* **Work task**: Transcribe exactly the lines below that begin at the line with "And the quotes" and stop after the line with "First off, we", leaving out every picture.

Segment Start: Data

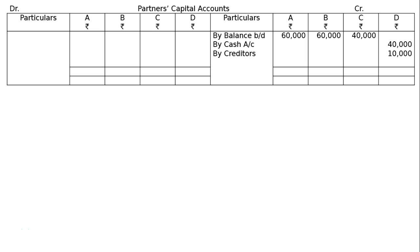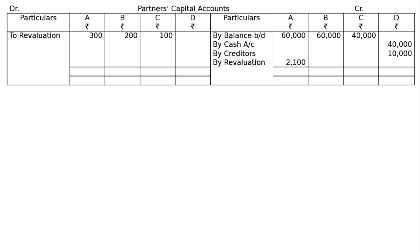D's capital account credit balance will be Rs.50,000. By revaluation account Rs.2,100 — since the entry was revaluation account debited to A's capital account, in A's capital account this appears as 'by revaluation account.' For revaluation loss: A's capital account debited Rs.300, B's capital account debited Rs.200, C's capital account debited Rs.100 to revaluation account. In B's capital account, 'to revaluation account' is entered for B's private expenses adjustment.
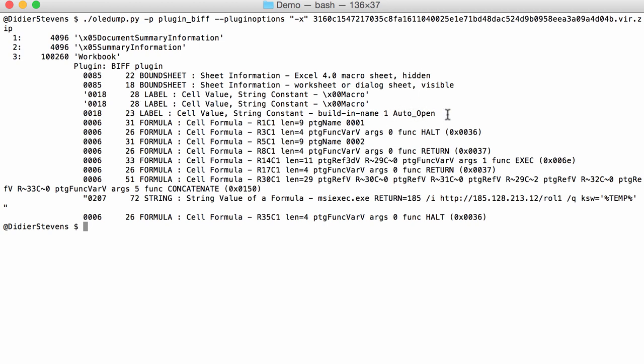You have labels, one of the labels is auto_open, and so this one will run the macros when the spreadsheet is opened.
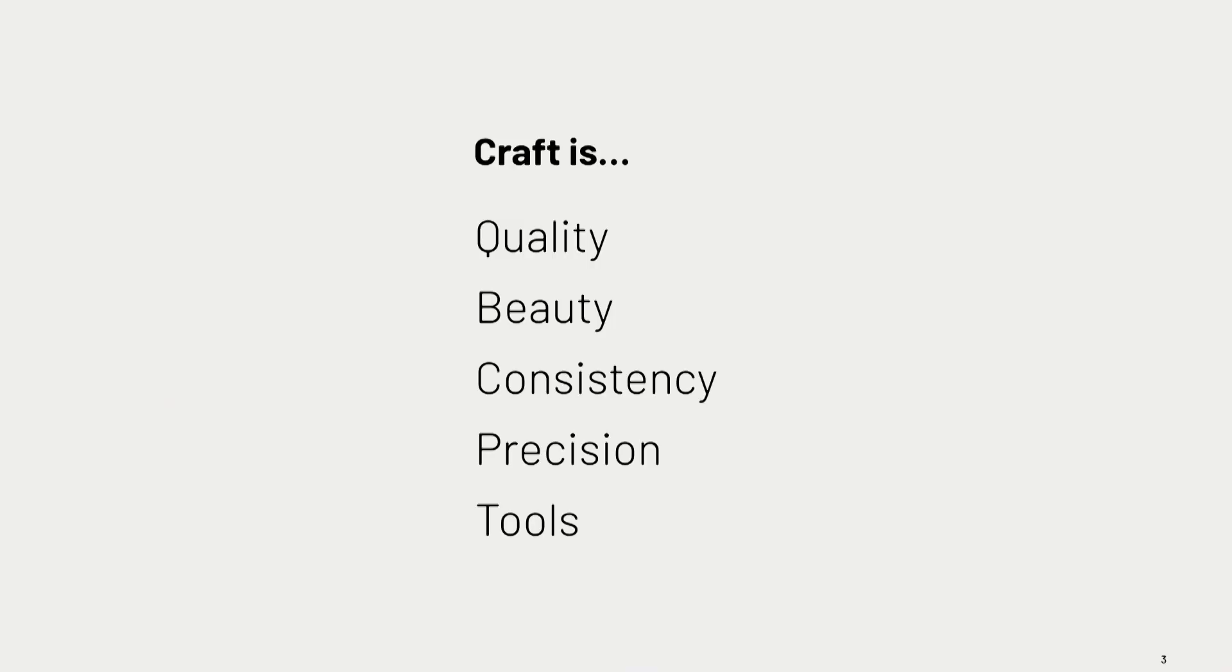And the quotes that I got were quality, beauty, consistency, precision, tools. It almost evoked the metaphor that we used to talk about of put on the headphones and crank through really great, in our case, digital user experiences.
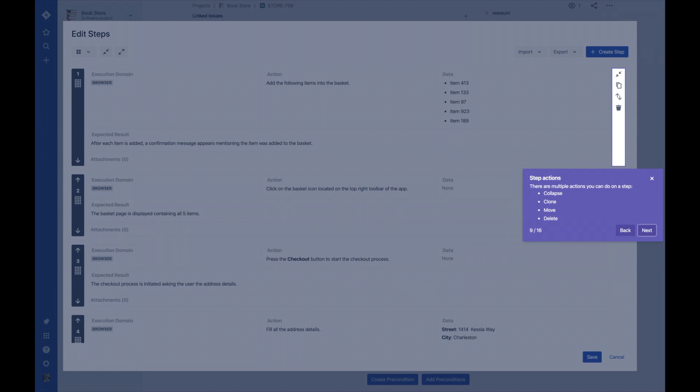There are several actions you can do on a test step. You can collapse, clone, move, or delete them.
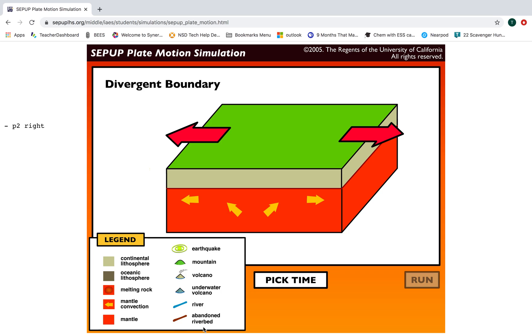As we move these plates apart from each other, you should see some of these features: earthquakes, mountains, volcanoes, underwater volcanoes, rivers, and abandoned riverbeds.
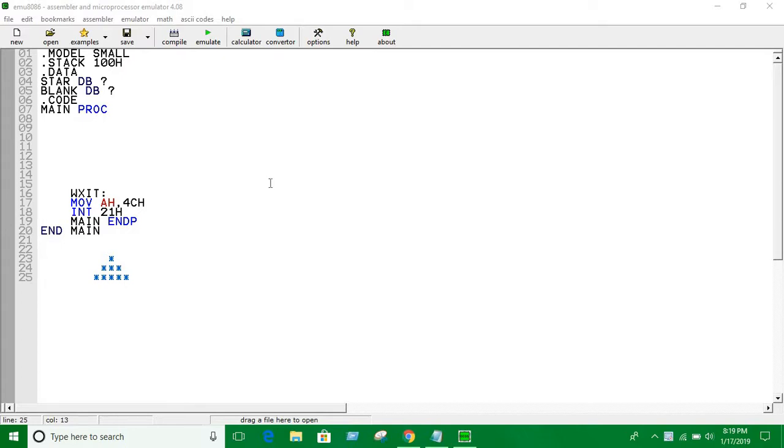Hey guys, in this video we're going to see how we can print a diamond in assembly language programming. We're not going to get things difficult; we're going to use our triangle and reverse triangle technique.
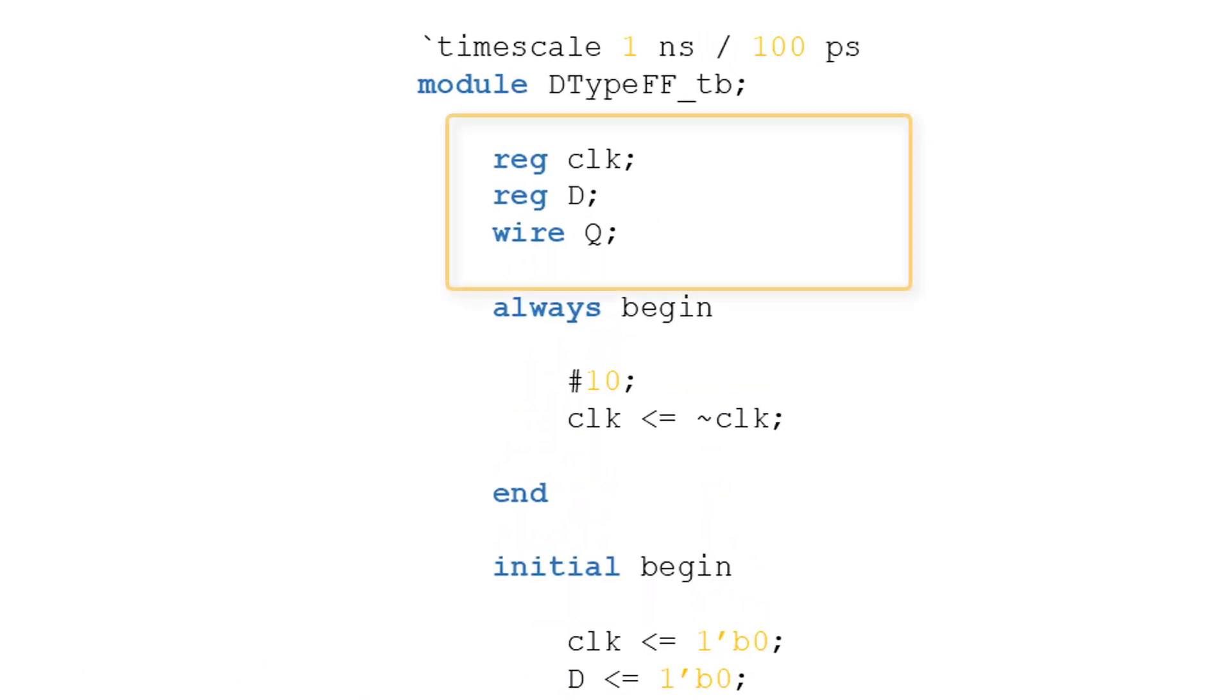First off, we declare the input and output variables for the device under test. Inputs are registers, and outputs are wires. There's no real difference here from when testing combinational logic. From the previous screencast, we now know that we declare the inputs as registers as they are manipulated in the initial block, and procedural assignment cannot be performed on wires.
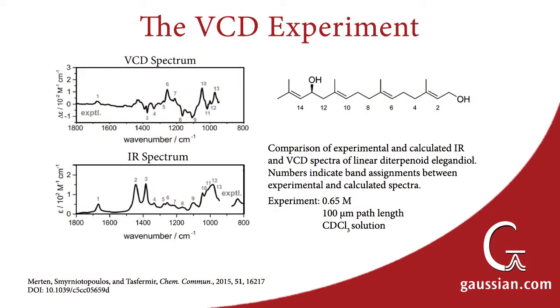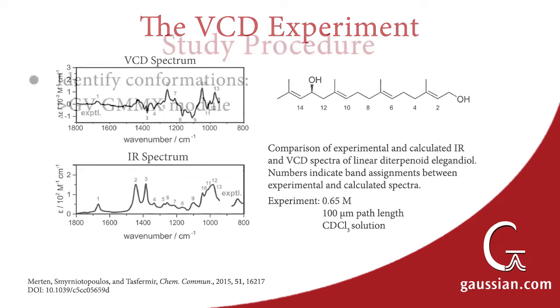We want to predict the VCD spectrum for elegondiol. Here are the IR and VCD spectra for this molecule from the original study, along with the experimental details. The VCD spectrum is on top. These researchers found excellent agreement between calculation and experiment.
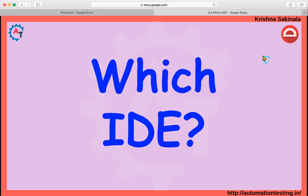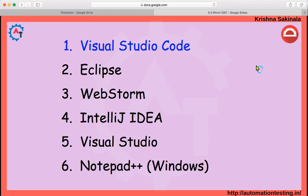First we will see how many IDEs there are and which is best suited to write Protractor scripts. I made a list of popular IDEs in this slide.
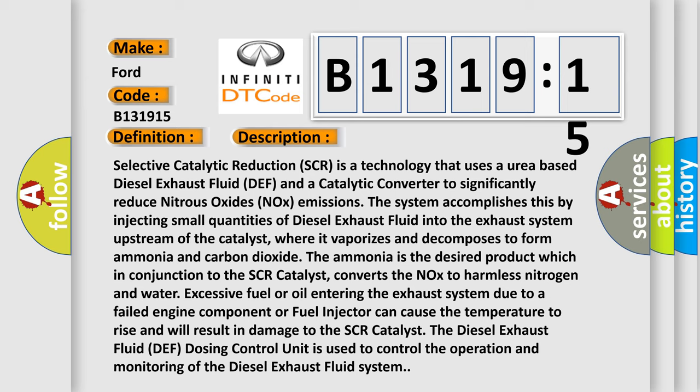Selective Catalytic Reduction (SCR) is a technology that uses a urea-based Diesel Exhaust Fluid (DEF) and a catalytic converter to significantly reduce Nitrous Oxides (NOx) emissions. The system accomplishes this by injecting small quantities of diesel exhaust fluid into the exhaust system upstream of the catalyst, where it vaporizes and decomposes to form ammonia and carbon dioxide. The ammonia is the desired product, which in conjunction with the SCR catalyst,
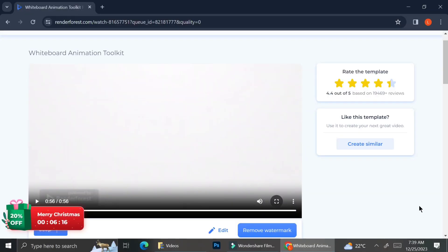And that is how you can create your own whiteboard animation with Renderforest. I hope this tutorial has been helpful. Thank you so much for watching and have a great day. Bye.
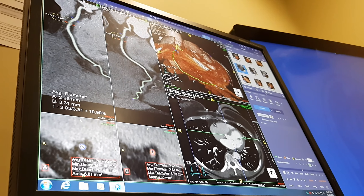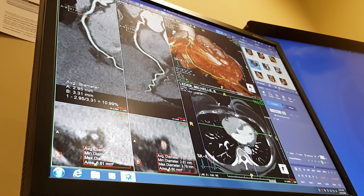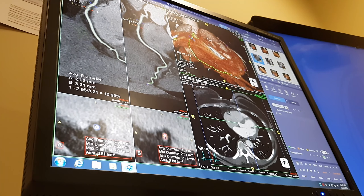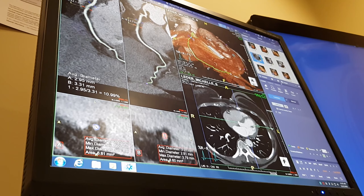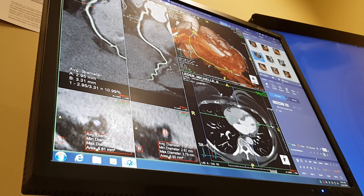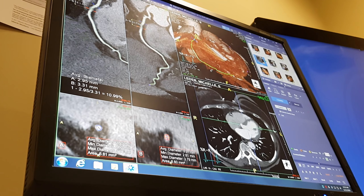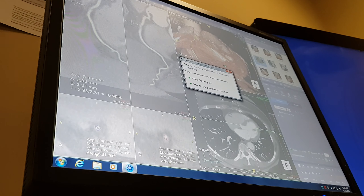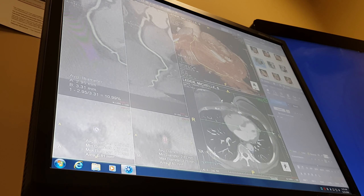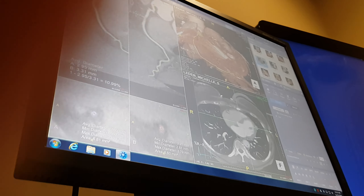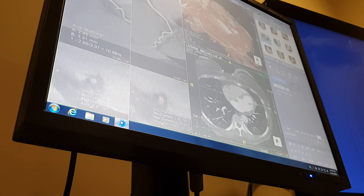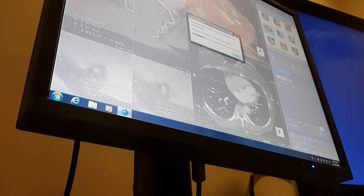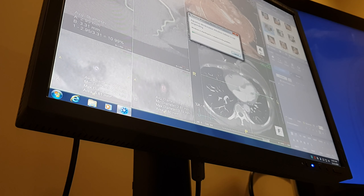I hit a button I shouldn't have — now the computer is trying to do something. So this is the heart, and the picture on the top right is a three-dimensional reconstruction. The big thing at the top is the aorta.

Segment End: Data

* **Reply**:
And the quotes that I got were quality, beauty, consistency, precision, tools. It almost evoked the metaphor that we used to talk about of put on the headphones and crank through really great, in our case, digital user experiences.
There are several actions you can do on a test step. You can collapse, clone, move, or delete them.
As we move these plates apart from each other, you should see some of these features: earthquakes, mountains, volcanoes, underwater volcanoes, rivers, and abandoned riverbeds.
Hey guys, in this video we're going to see how we can print a diamond in assembly language programming. We're not going to get things difficult; we're going to use our triangle and reverse triangle technique.
First off, we declare the input and output variables for the device under test. Inputs are registers, and outputs are wires. There's no real difference here from when testing combinational logic. From the previous screencast, we now know that we declare the inputs as registers as they are manipulated in the initial block, and procedural assignment cannot be performed on wires.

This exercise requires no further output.